Problem details:
Without including any picture, transcribe the entries below word for word.

*** Given data ***

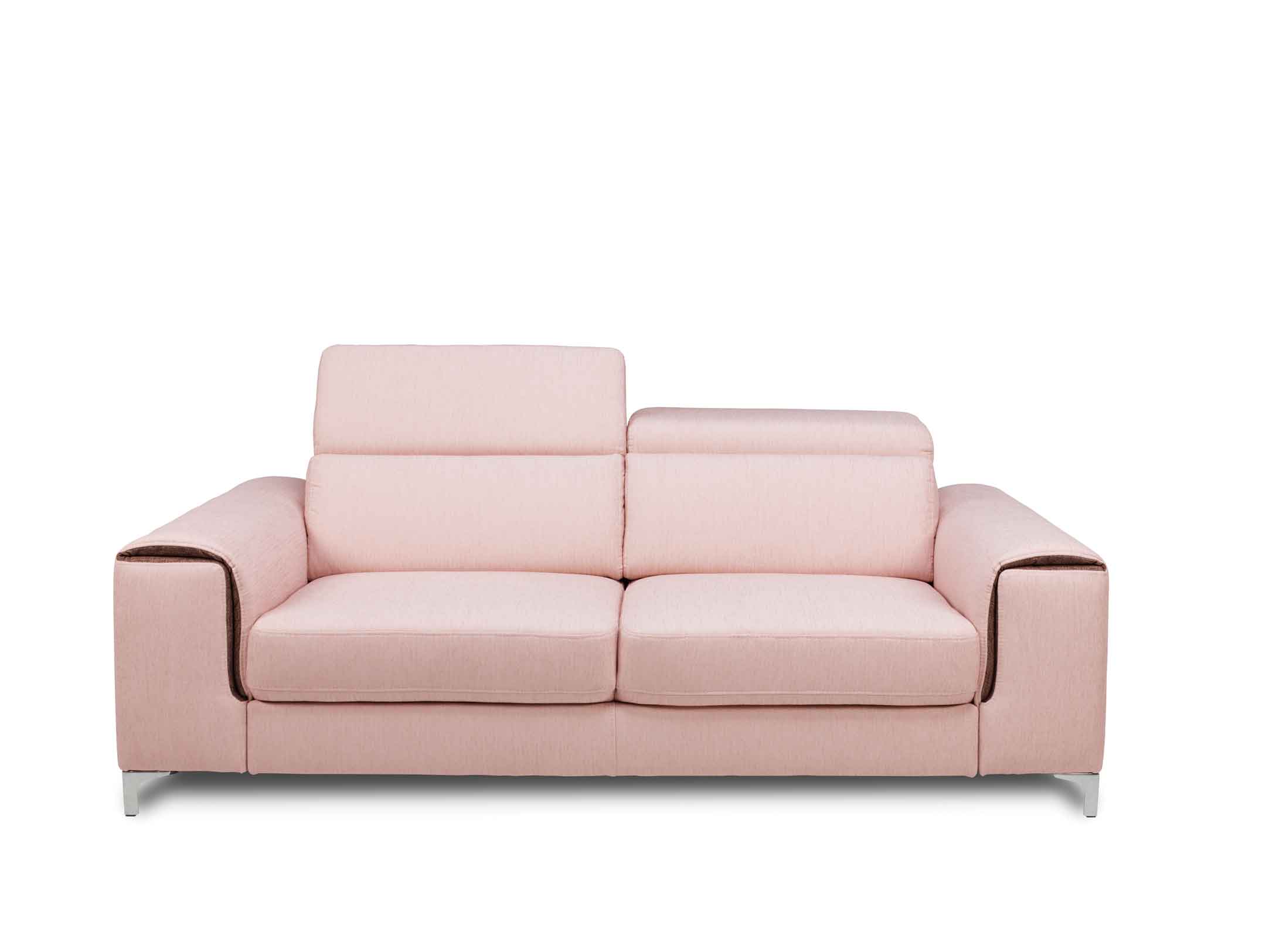 Sofa mit Kopfteilverstellung Genova 3 2 rosa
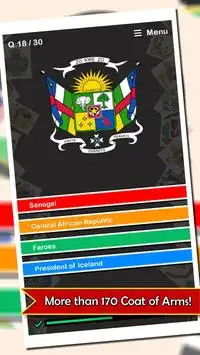 Mr Quiz: Coat of Arms Screen Shot 0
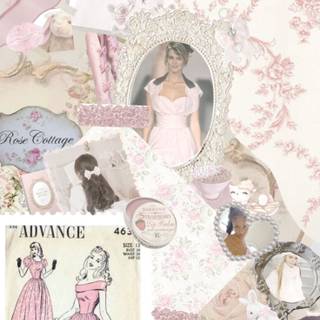 Lilac coquette wallpaper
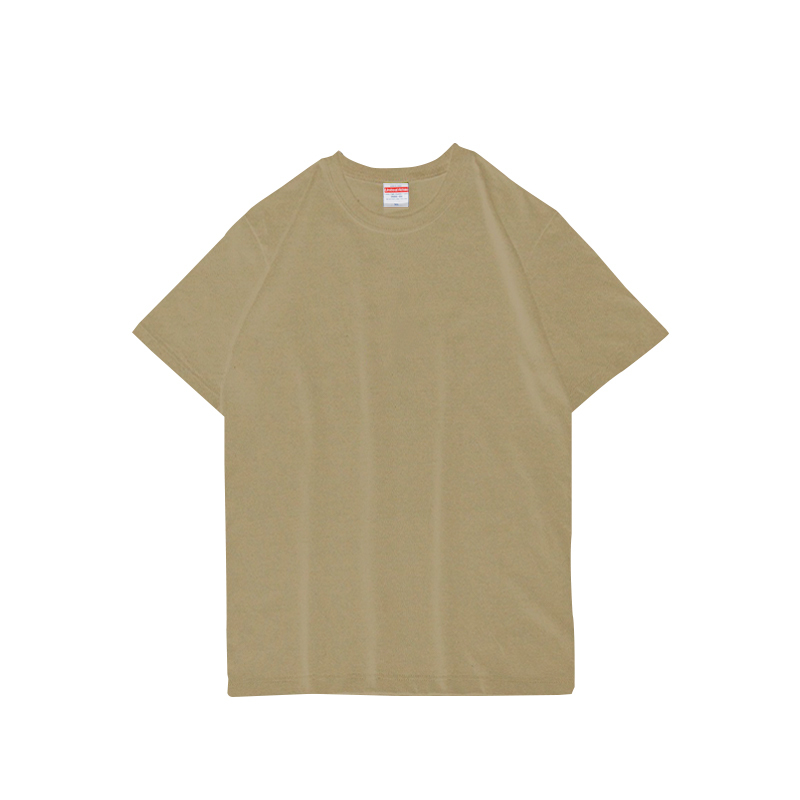 United Athle UA 5001-01 頂級柔棉5.6oz. 成人短T 深卡其 3500101-537 [EW]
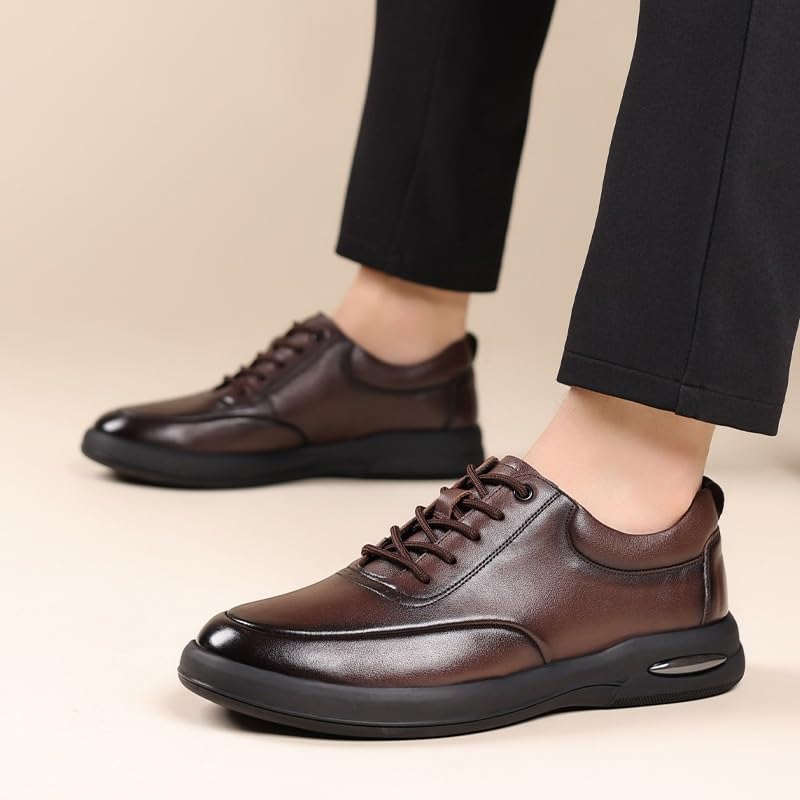 Men's Business Wingtip Lace Up Dress Shoes Formal Business Casual Oxford Trendy Plaid Upper Tuxedo Shoes for Men3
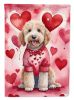 Goldendoodle My Valentine Garden Flag Mailbox Flag Decorative Yard Flag Banner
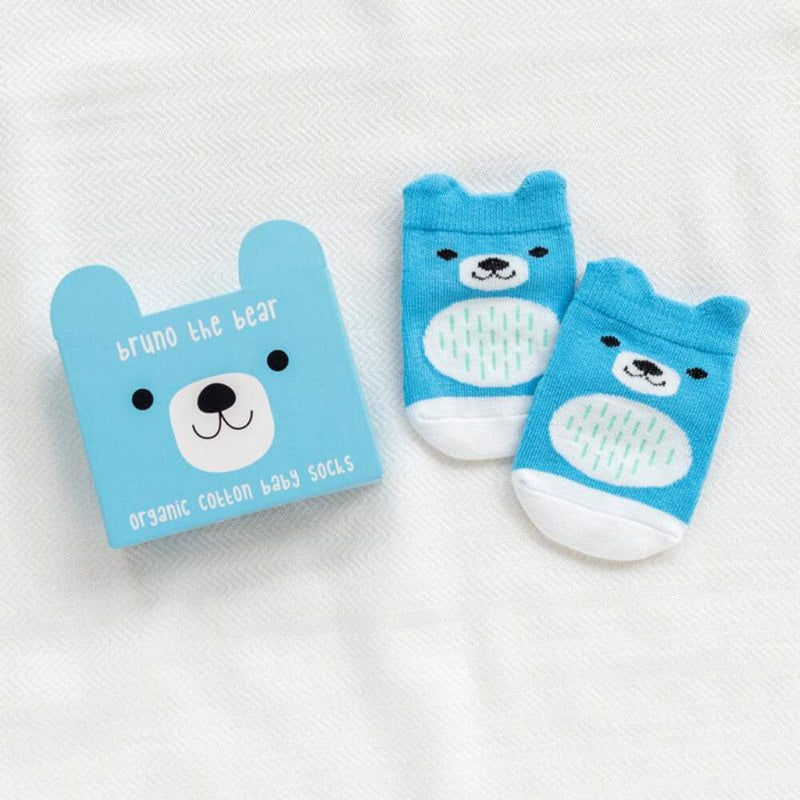 toy_shop_Mornington_Peninsula-Rex London Pair of Baby Socks - Bear-baby_gifts-Australia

*** End of Given data ***

Result of this task:
 Sofa mit Kopfteilverstellung Genova 3 2 rosa
 Mr Quiz: Coat of Arms Screen Shot 0
 Lilac coquette wallpaper
 United Athle UA 5001-01 頂級柔棉5.6oz. 成人短T 深卡其 3500101-537 [EW]
 Men's Business Wingtip Lace Up Dress Shoes Formal Business Casual Oxford Trendy Plaid Upper Tuxedo Shoes for Men3
 Goldendoodle My Valentine Garden Flag Mailbox Flag Decorative Yard Flag Banner
 toy_shop_Mornington_Peninsula-Rex London Pair of Baby Socks - Bear-baby_gifts-Australia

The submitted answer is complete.